Work task:
Your task is to write out the entire listing exactly, omitting its pictures.
Entries provided below:
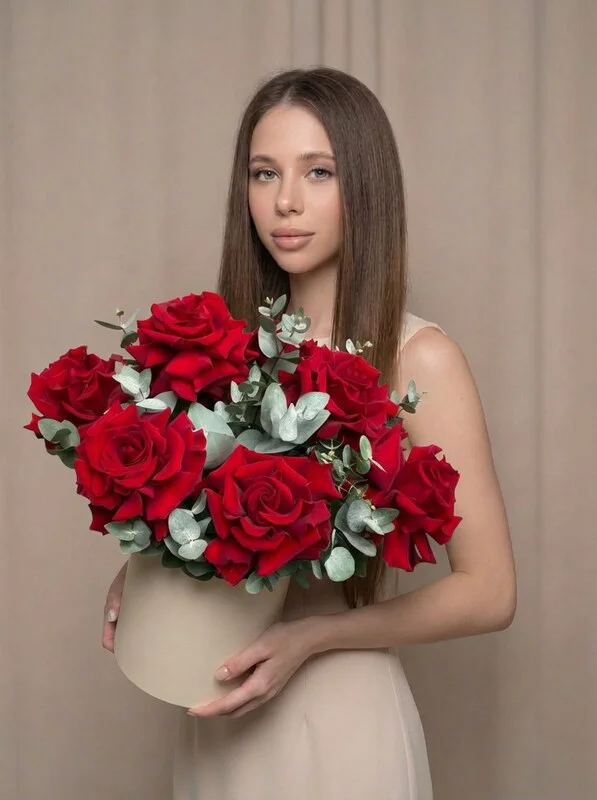 Букет в коробке «Рэд линетт» из французских роз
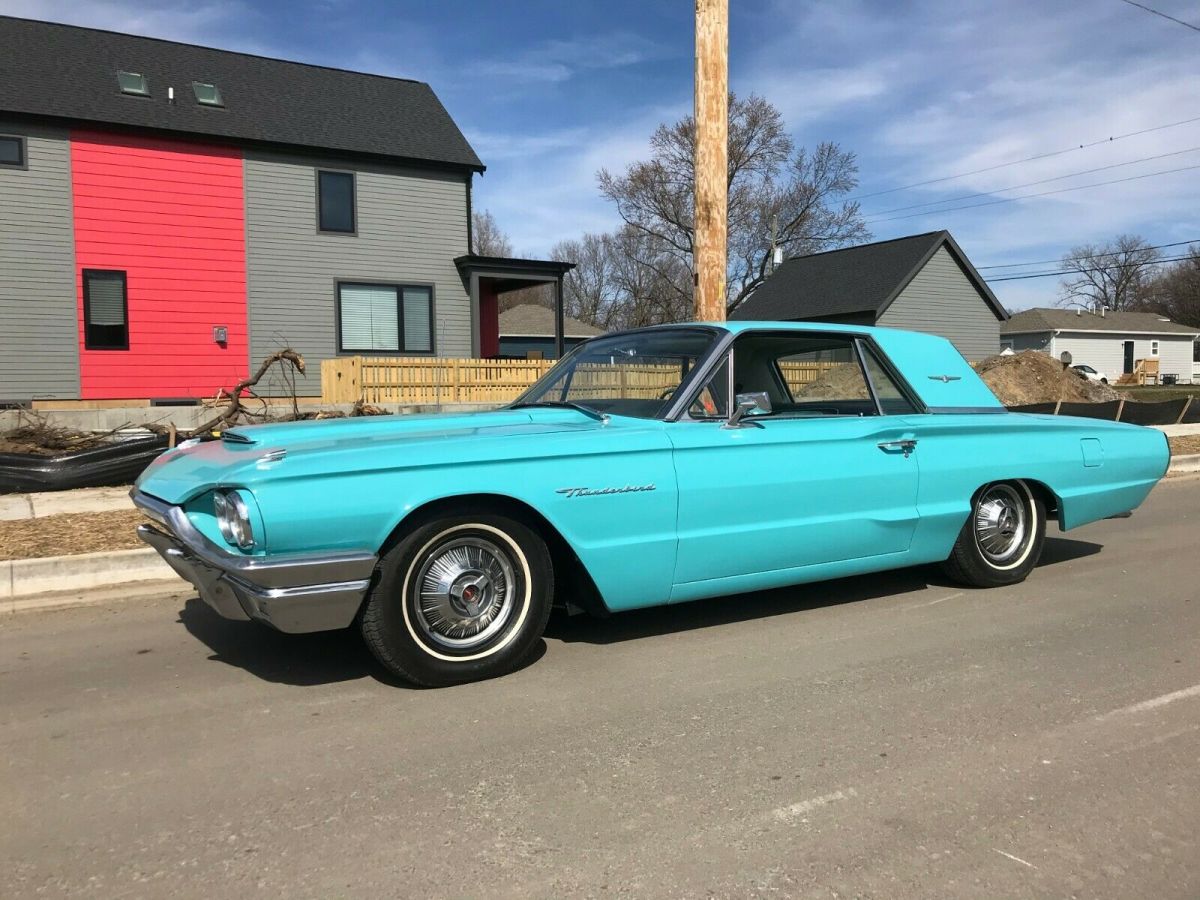 1964 Ford Thunderbird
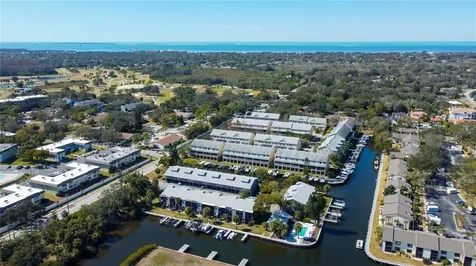 200 Meres Boulevard Tarpon Springs FL 34689
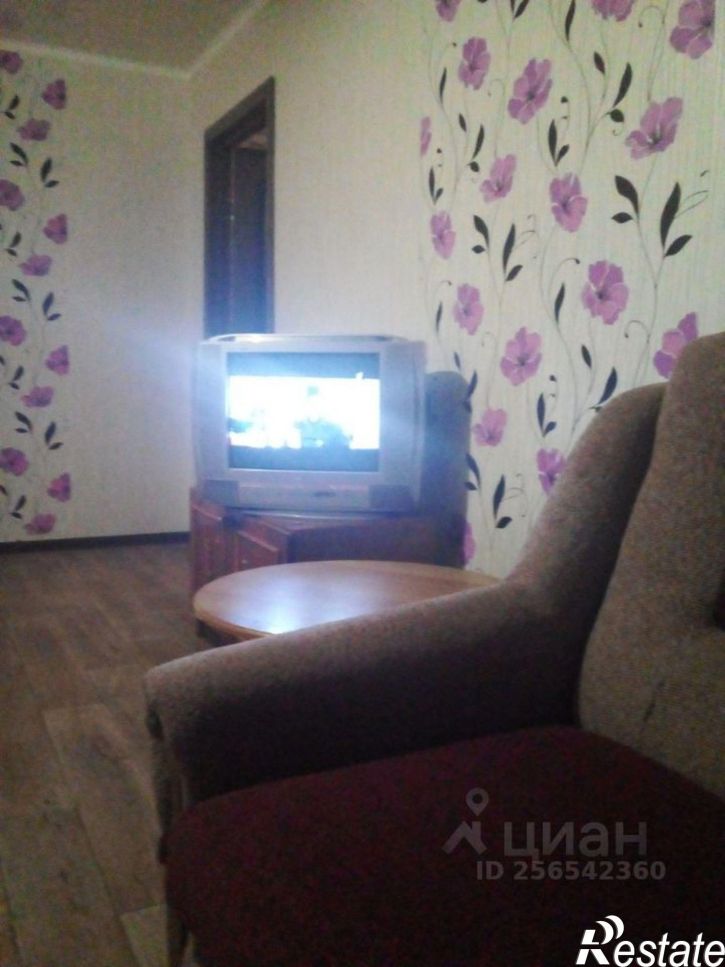 2-комн квартира Дорожная улица, 27,  д. 27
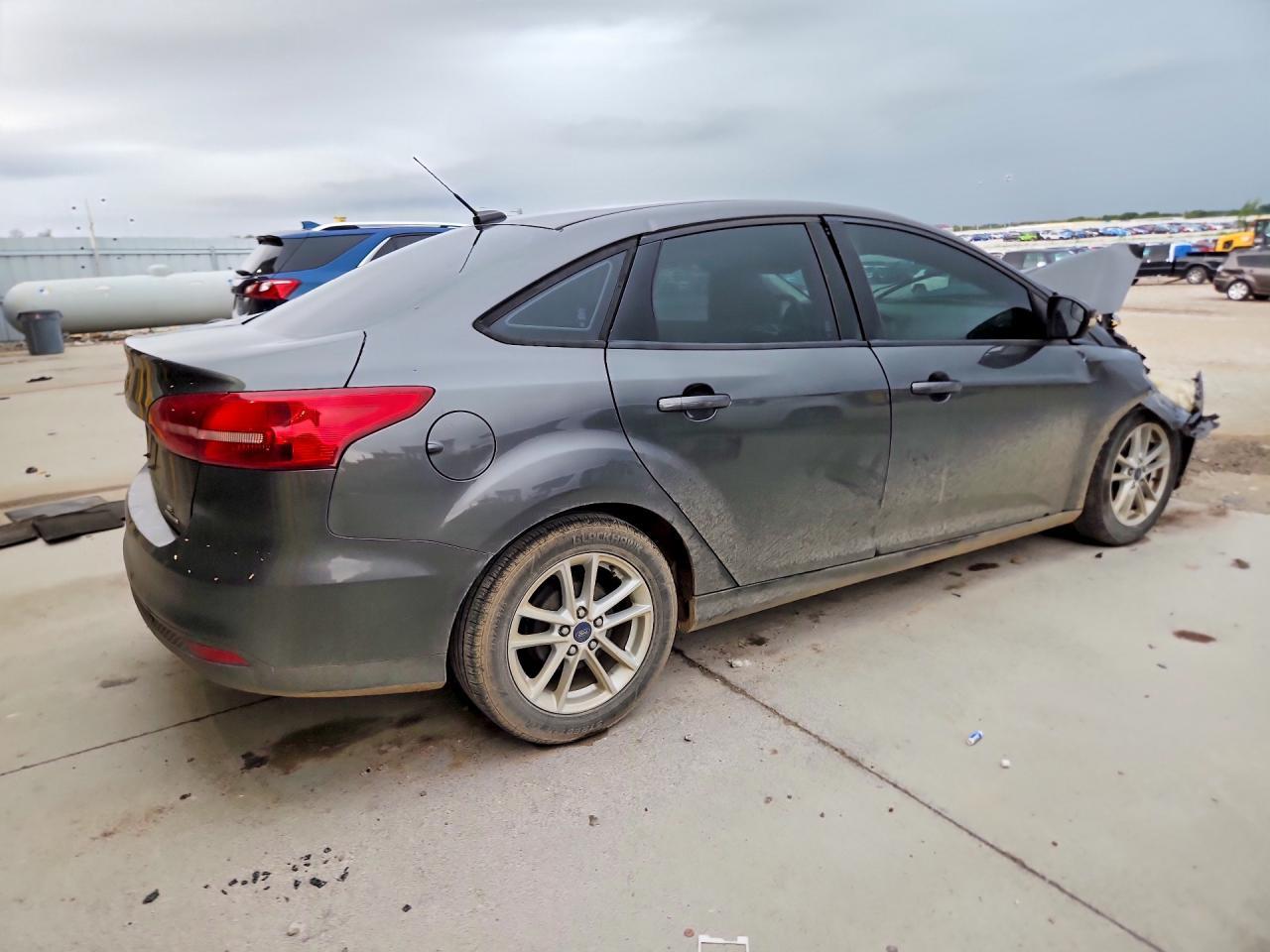 2016 Ford Focus - Фото 3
End of Entries provided.
Written solution:
 Букет в коробке «Рэд линетт» из французских роз
 1964 Ford Thunderbird
 200 Meres Boulevard Tarpon Springs FL 34689
 2-комн квартира Дорожная улица, 27,  д. 27
 2016 Ford Focus - Фото 3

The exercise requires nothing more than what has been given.